Aside from using phylogenetic profiles to predict gene function prediction (Pelligrini et al., 1999; von Mering, et al., 2007), a number of online tools have been developed to allow users to explore and visualize phylogenetic profiles. PhyloPat (Hulsen, et al., 2009) is a web browseable database that allows users to retrieve phylogenetic profiles of specified genes as well as identify genes with defined phylogenetic profiles. Orthologous relationships are based on the Ensemble ortholog detection pipeline, which combines BLAST-based reciprocal best hits with phylogenetic tree reconciliation. PhyloPat features gene neighbourhood views that enable the user to identify syntenic relationships across genomes that provide further support for orthologous relationships. In addition, PhyloPat provides the interesting function of being able to identify genes with anticorrelated patterns suggesting analagous functions. Like PhyloPro, PhyloPat allows the input of several sequences at once amd allows orthologs to be readily retrieved. On the other hand, PhyloPat is based on EnsMart and is largely limited to vertebrates (46 species in all). Furthermore, it does not perform any clustering of profiles, which for relatively large datasets, makes it difficult to capture lineage specific innovations in a single view.
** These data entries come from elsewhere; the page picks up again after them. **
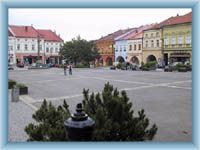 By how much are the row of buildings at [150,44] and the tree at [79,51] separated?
20.8ft

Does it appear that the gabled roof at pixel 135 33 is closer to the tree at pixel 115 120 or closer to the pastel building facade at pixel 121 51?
the pastel building facade at pixel 121 51

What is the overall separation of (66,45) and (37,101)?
138 ft

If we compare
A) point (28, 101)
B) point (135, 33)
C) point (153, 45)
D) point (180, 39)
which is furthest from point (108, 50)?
point (28, 101)

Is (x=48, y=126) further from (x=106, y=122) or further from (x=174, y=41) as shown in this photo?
(x=174, y=41)

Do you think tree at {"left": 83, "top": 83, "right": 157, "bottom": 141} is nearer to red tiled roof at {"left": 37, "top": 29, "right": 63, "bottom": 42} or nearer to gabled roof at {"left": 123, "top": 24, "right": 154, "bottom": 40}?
gabled roof at {"left": 123, "top": 24, "right": 154, "bottom": 40}

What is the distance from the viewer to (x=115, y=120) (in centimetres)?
371

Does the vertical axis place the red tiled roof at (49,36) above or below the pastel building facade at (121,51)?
above

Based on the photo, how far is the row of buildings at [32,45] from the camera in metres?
55.0

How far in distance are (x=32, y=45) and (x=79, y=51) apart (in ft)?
36.5

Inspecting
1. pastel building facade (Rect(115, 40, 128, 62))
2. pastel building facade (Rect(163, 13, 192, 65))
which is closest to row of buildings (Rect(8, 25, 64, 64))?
pastel building facade (Rect(115, 40, 128, 62))

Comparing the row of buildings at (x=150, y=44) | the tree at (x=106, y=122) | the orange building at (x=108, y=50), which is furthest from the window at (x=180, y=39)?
the tree at (x=106, y=122) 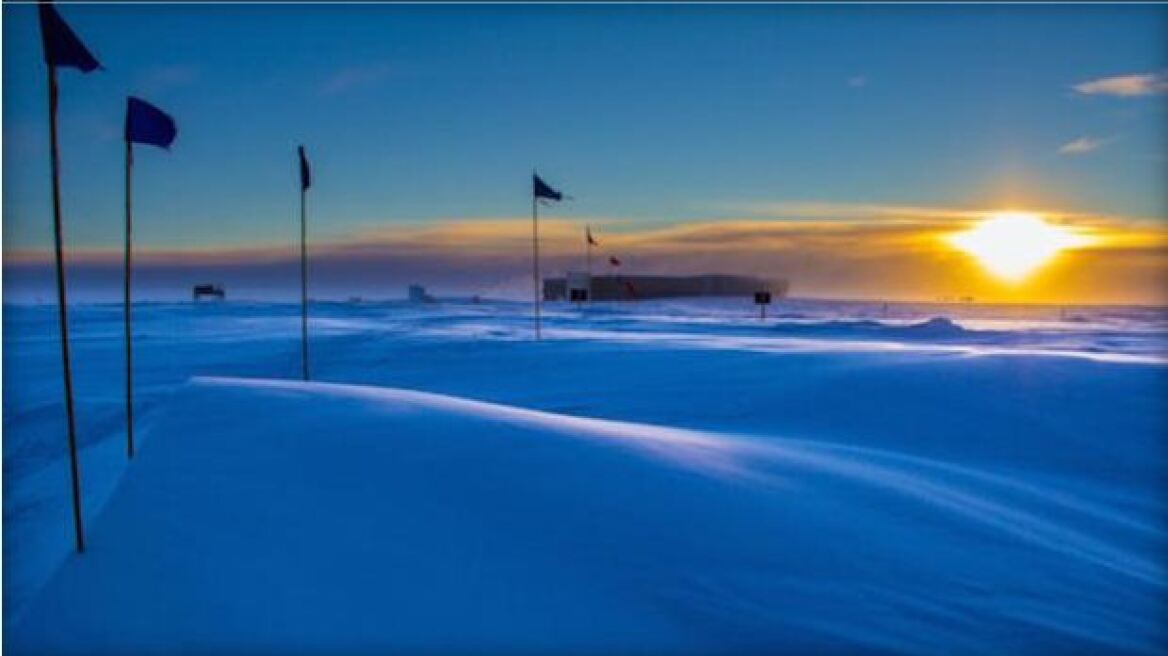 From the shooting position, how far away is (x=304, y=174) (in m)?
15.8

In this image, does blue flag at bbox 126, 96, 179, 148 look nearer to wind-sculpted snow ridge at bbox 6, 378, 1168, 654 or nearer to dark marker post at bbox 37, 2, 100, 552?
dark marker post at bbox 37, 2, 100, 552

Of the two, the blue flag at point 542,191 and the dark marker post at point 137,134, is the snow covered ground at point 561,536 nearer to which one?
the dark marker post at point 137,134

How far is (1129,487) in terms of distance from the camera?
31.6 ft

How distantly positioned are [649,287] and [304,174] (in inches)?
2757

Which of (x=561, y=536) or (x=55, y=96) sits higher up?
(x=55, y=96)

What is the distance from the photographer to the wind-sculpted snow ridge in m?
4.23

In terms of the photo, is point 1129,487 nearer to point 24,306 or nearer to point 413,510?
point 413,510

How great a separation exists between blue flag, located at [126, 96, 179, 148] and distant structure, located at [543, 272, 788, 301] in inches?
2236

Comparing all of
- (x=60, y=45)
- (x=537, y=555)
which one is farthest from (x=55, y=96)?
(x=537, y=555)

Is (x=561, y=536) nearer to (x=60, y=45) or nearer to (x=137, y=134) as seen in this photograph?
(x=60, y=45)

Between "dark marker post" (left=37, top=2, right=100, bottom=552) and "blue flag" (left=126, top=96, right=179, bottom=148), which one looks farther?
"blue flag" (left=126, top=96, right=179, bottom=148)

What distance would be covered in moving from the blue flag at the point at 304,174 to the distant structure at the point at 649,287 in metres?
48.5

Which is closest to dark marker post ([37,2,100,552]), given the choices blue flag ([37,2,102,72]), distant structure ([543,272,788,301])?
blue flag ([37,2,102,72])

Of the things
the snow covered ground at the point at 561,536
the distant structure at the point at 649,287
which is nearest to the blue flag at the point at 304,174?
the snow covered ground at the point at 561,536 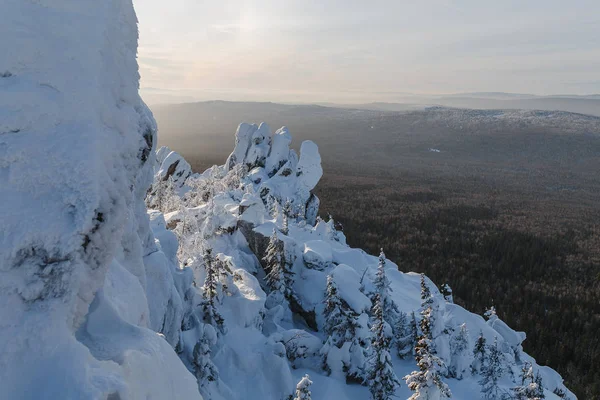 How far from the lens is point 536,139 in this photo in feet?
631

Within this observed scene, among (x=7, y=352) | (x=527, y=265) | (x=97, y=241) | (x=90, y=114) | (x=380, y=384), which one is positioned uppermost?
(x=90, y=114)

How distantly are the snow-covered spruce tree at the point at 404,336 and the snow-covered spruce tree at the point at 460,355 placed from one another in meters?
2.46

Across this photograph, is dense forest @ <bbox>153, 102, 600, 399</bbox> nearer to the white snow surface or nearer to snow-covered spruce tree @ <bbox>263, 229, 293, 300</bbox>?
snow-covered spruce tree @ <bbox>263, 229, 293, 300</bbox>

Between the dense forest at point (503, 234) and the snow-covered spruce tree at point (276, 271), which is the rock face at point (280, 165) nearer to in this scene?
the dense forest at point (503, 234)

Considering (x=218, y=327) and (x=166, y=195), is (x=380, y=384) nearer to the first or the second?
(x=218, y=327)

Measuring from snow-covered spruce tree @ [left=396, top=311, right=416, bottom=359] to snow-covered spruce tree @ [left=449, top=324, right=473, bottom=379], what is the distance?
2462 millimetres

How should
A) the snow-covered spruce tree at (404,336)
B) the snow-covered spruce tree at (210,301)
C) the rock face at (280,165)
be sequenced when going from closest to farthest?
the snow-covered spruce tree at (210,301) < the snow-covered spruce tree at (404,336) < the rock face at (280,165)

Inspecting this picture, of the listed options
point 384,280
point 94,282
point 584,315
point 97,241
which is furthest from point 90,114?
point 584,315

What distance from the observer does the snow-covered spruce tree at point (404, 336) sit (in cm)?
1877

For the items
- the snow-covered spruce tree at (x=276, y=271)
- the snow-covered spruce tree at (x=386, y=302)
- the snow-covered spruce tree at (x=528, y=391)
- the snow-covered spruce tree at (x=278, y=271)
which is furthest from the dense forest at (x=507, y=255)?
the snow-covered spruce tree at (x=276, y=271)

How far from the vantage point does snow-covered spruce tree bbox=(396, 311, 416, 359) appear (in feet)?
61.6

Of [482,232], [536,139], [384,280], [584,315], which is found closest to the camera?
[384,280]

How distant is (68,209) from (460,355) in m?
20.2

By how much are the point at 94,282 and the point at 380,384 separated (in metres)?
12.3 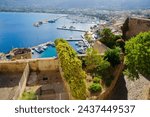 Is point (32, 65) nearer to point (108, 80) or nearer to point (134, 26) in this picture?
point (108, 80)

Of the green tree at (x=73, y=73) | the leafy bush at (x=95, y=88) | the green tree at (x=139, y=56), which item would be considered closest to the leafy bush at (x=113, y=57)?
the green tree at (x=139, y=56)

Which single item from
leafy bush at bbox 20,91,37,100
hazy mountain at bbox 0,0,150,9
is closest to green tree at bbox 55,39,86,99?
leafy bush at bbox 20,91,37,100

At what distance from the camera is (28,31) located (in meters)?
74.9

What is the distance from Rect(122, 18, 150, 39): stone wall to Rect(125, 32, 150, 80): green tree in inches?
245

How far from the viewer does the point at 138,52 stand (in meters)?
10.4

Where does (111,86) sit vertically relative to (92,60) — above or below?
below

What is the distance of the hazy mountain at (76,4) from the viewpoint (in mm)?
101137

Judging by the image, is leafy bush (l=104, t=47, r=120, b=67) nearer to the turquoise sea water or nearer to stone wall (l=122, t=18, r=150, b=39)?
stone wall (l=122, t=18, r=150, b=39)

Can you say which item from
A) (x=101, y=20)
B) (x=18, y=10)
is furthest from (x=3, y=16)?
(x=101, y=20)

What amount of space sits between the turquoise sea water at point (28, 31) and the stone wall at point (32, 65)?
3887 cm

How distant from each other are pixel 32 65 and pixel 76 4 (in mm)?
107675

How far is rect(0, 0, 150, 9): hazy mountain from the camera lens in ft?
332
OMAbrowser is another tool that provides access to sets of user defined orthologs (Schneider et al., 2007). OMAbrowser captures orthologous relationships from 830 species using pairwise distance metrics. It isn't clear if more than one sequence can be input at a time, although the search box does allow more generic search terms such as "photoreceptor" to be queried. Output is non-graphical and lists only the orthologs of the queried genes. Consequently without significant additional processing, OMAbrowser does not provide readily comparable phylogenetic profiles that can be clustered and used to readily infer evolutionary trajectories.

References

Chain PS et al Genome project standards in a new era of sequencing. Science. 2009 Oct 9;326(5950):236-7)
Eisen, M.B., et al. (1998) Cluster analysis and display of genome-wide expression patterns, Proc Natl Acad Sci U S A, 95, 14863-14868.
Hulsen, T., et al. (2009) PhyloPat: an updated version of the phylogenetic pattern database contains gene neighborhood, Nucleic Acids Res, 37, D731-737.
Kuzniar, A., et al. (2008) The quest for orthologs: finding the corresponding gene across genomes, Trends Genet, 24, 539-551.
Pellegrini, M., et al. (1999) Assigning protein functions by comparative genome analysis: protein phylogenetic profiles, Proceedings of the National Academy of Sciences of the United States of America, 96, 4285-4288.
Ruano-Rubio, V., Poch, O. and Thompson, J. (2009) Comparison of eukaryotic phylogenetic profiling approaches using species tree aware methods, BMC bioinformatics, 10, 383.
Schneider, A., Dessimoz, C. and Gonnet, GH. (2007): OMA Browser - Exploring Orthologous Relations across 352 Complete Genomes, Bioinformatics 23(16), pages 2180-2182.
von Mering, C., et al. (2003) STRING: a database of predicted functional associations between proteins, Nucleic Acids Res, 31, 258 - 261.